### Work to be completed
Please return the full listing word for word, leaving out any pictures.

### Collected material
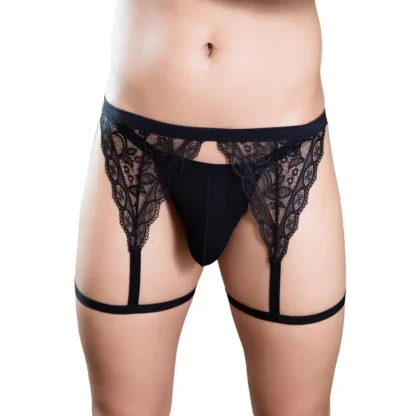 Sheer Lace Thigh Strap G-string - Image 7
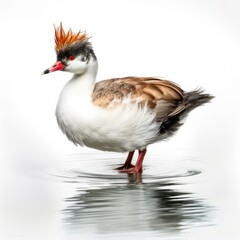 Least grebe bird isolated on white background.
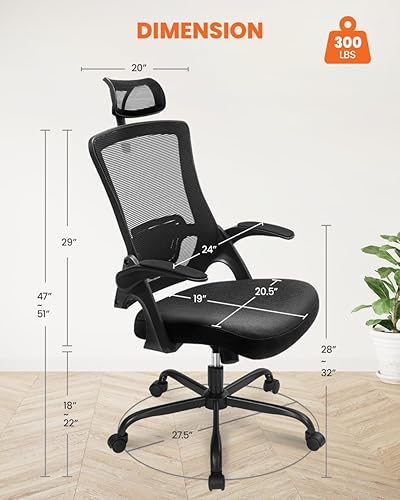 Miniatura 2 de NEO Chair Silla de oficina con respaldo alto, silla de malla, cómodo asiento de computadora para juegos con reposacabezas ergonómico ajustable,
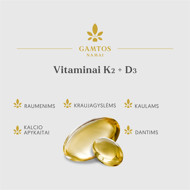 Gamtos namai vitamīni D3+K2, 60 kapsulas attēls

### Output for this exercise
 Sheer Lace Thigh Strap G-string - Image 7
 Least grebe bird isolated on white background.
 Miniatura 2 de NEO Chair Silla de oficina con respaldo alto, silla de malla, cómodo asiento de computadora para juegos con reposacabezas ergonómico ajustable,
 Gamtos namai vitamīni D3+K2, 60 kapsulas attēls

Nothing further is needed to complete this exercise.